Brutta caduta per Cal Crutchlow nelle qualifiche del Gp di Francia a Le Mans. Il britannico della Honda LCR stava cercando di guadagnare l’accesso alle Q2 dalle Q1 quando, nelle fasi finali del turno, ha perso il controllo della sua RC213V in curva 8 finendo per essere violentemente sbalzato in aria in un pauroso highside.

Terribile caduta per Cal

Atterrato pesantemente sull’asfalto, Crutchlow ha picchiato forte sul fianco, finendo anche per essere colpito dalla gomma anteriore dopo che la sua moto ha continuato a scivolare. Crutchlow è rimasto accasciato a terra per la tremenda botta e, soccorso subito in pista, ìha provato a rassicurare da subito sulle sue condizioni, riuscendo ad alzare il pollice in su mentre veniva trasportato fuori dal circuito in barella.
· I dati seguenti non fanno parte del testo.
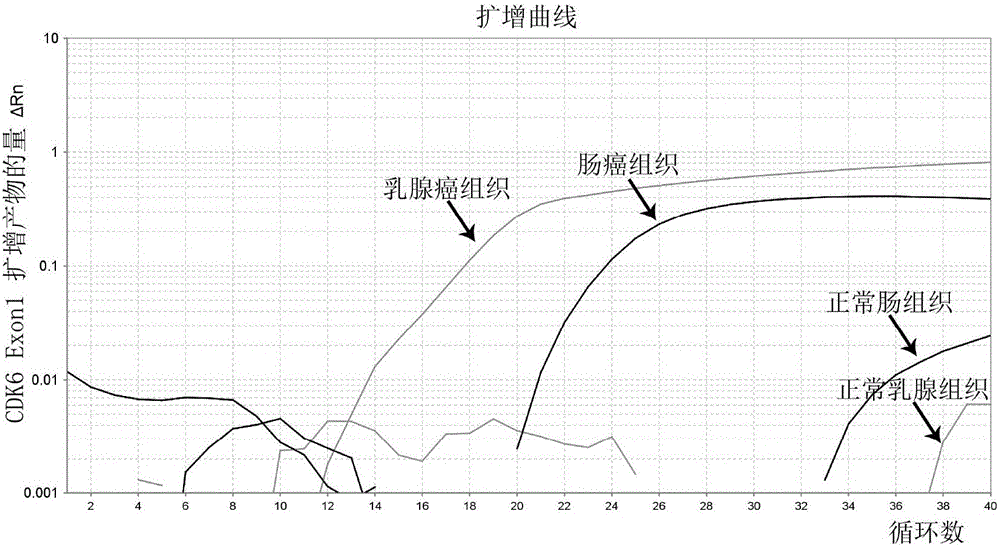 Cycli-dependent kinase 6 (CDK6) gene exon genetic groups used for cancer diagnosis and diagnosis kit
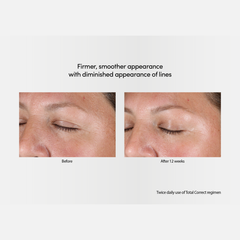 Exuviance Professional Total Correct Night 50g / AGE REVERSE Night Lift Antiaging Face Cream 50g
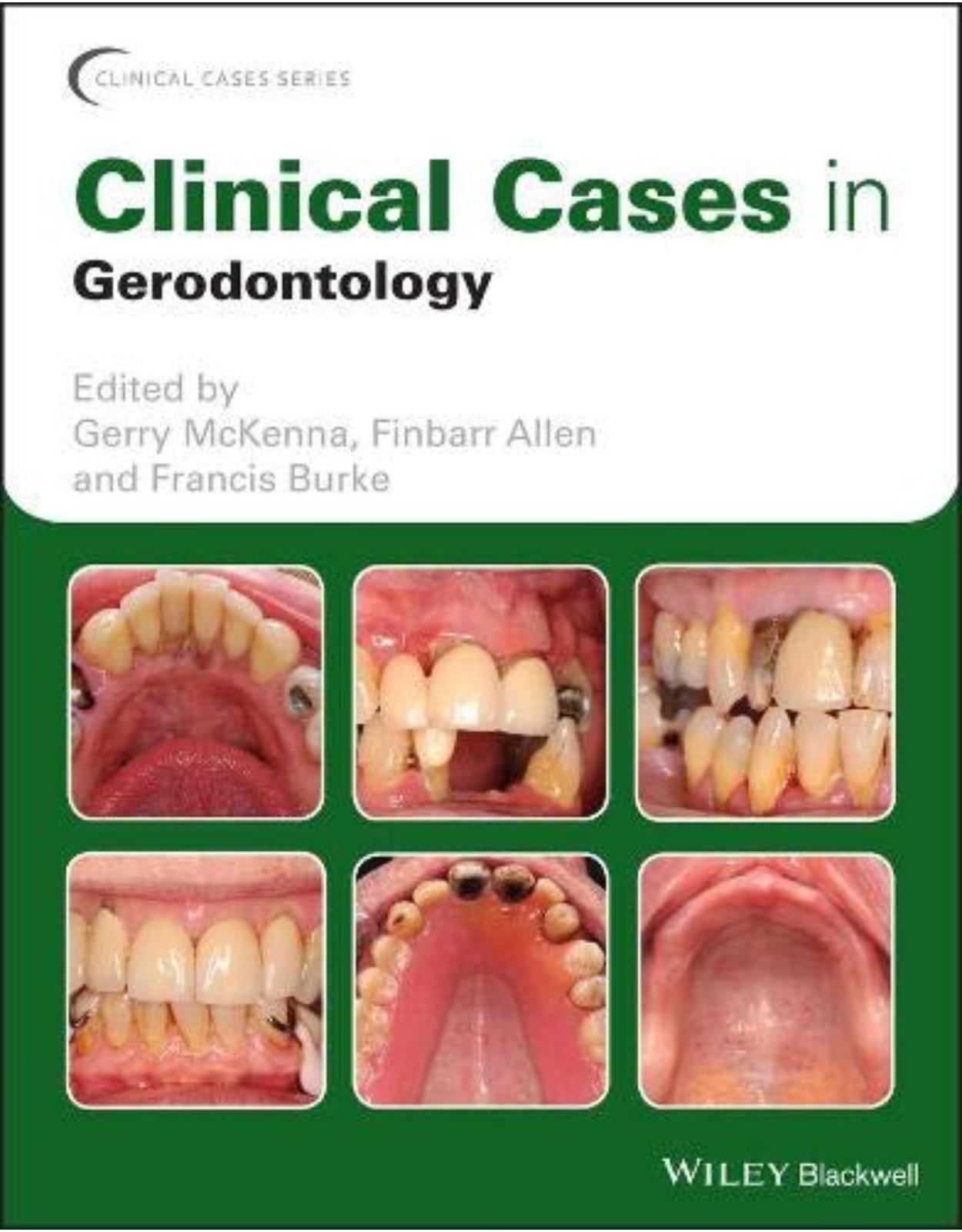 Clinical Cases in Gerodontology (Clinical Cases (Dentistry))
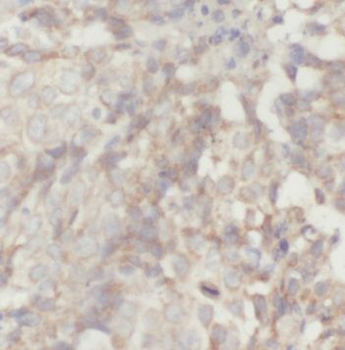 PACSIN2 Rabbit Polyclonal Antibody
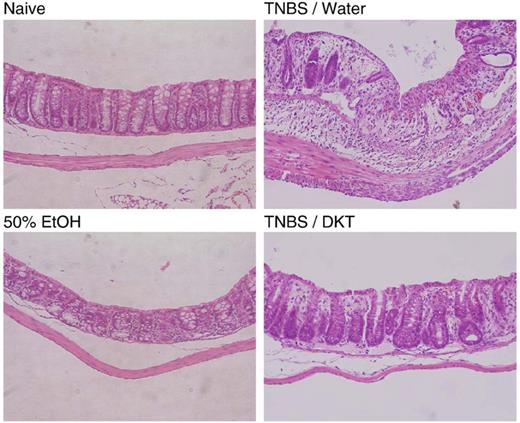 Effect of DKT on histological evaluation in colitis mice. DKT was given orally at 900 mg/kg after 2,4,6-trinitrobenzenesulfonic acid (TNBS) instillation. Three days after TNBS instillation, histopathological analysis (×40) of hematoxylin and eosin-stained sections of the colon was performed.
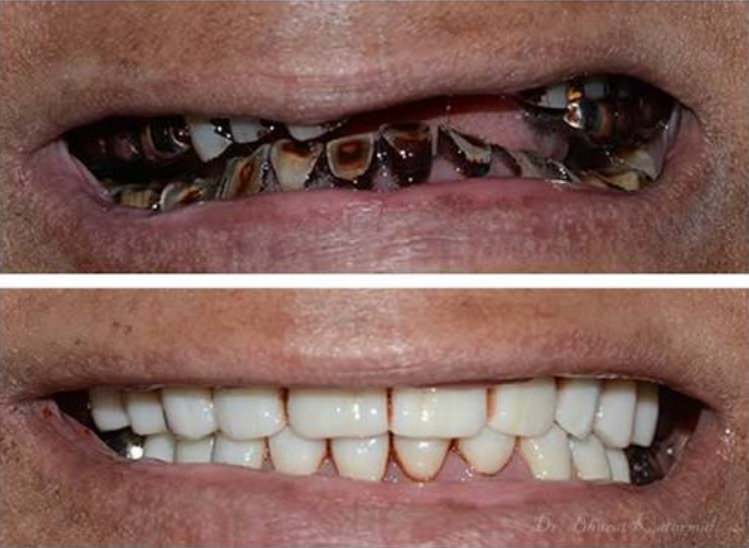 Full Mouth Rehabilitation Vadodara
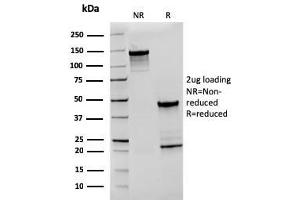 SDS-PAGE Analysis Purified CD27 Recombinant Mouse Monoclonal Antibody (rLPFS2/1611).
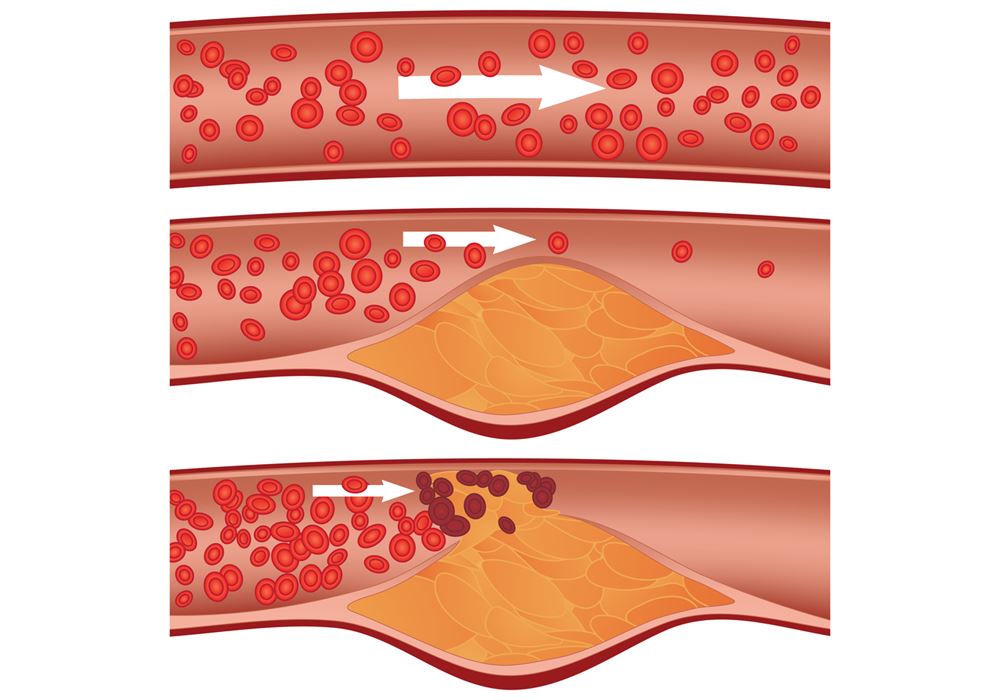 How To Lower Your Cholesterol Levels | Health and Wellbeing Check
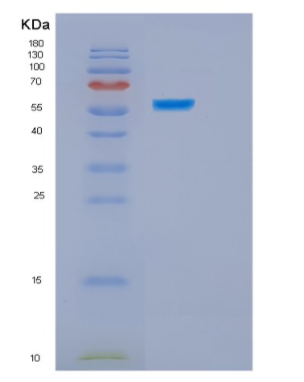 Recombinant Human HSPBAP1 Protein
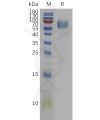 sp-pme101126 il18bp sp1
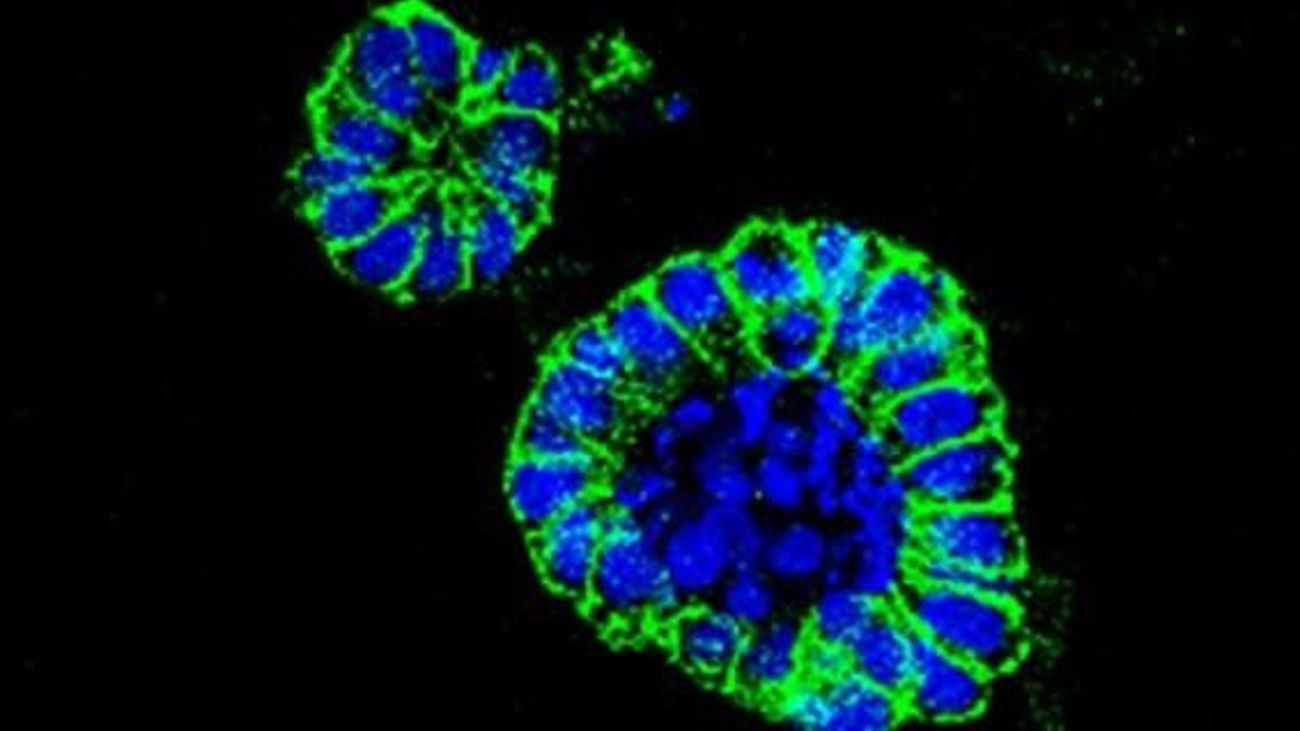 Muestran la eficacia de un nuevo fármaco para tratar el cáncer de colon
In ospedale per nuovi esami

Trasportato in ambulanza al Centro medico di Le Mans, il britannico è stato sottoposto ai primi controlli. “Cal era cosciente e non ha mai perso conoscenza. È arrivato al centro medico lamentando dolore all'anca” ha chiarito il dottor Michele Zasa, direttore sanitario della Clinica Mobile della MotoGP. Un forte dolore all’anca per il quale è stato deciso di trasferire Cal Crutchlow nel vicino ospedale per un ulteriori accertamenti. Un vero peccato per il britannico che potrebbe aver rimediato qualche piccola frattura ma che fortunatamente, in attesa di notizie più dettagliate, sembra non aver riportato particolari conseguenze. “Cal sta bene, non ha battuto la testa e non ha riportato particolari danni. Ha preso una botta forte all’anca e per questo motivo verrà trasportato adesso all’ospedale più vicino per fare uno scanner più approfondito e capire bene le sue condizioni” ha confermato il team manager Lucio Cecchinello. Nel frattempo in pista, a superare il taglio delle Q1 sono stati Petrucci e Pedrosa che domani scatteranno rispettivamente dalla terza e dalla decima casella. Ad aprile lo schieramento sarà il padrone di casa Johann Zarco che scatterà dalla pole seguito dal campione in carica Marc Marquez. Seconda file per gli italiani Andrea Iannone e Andrea Dovizioso, terza per Valentino Rossi.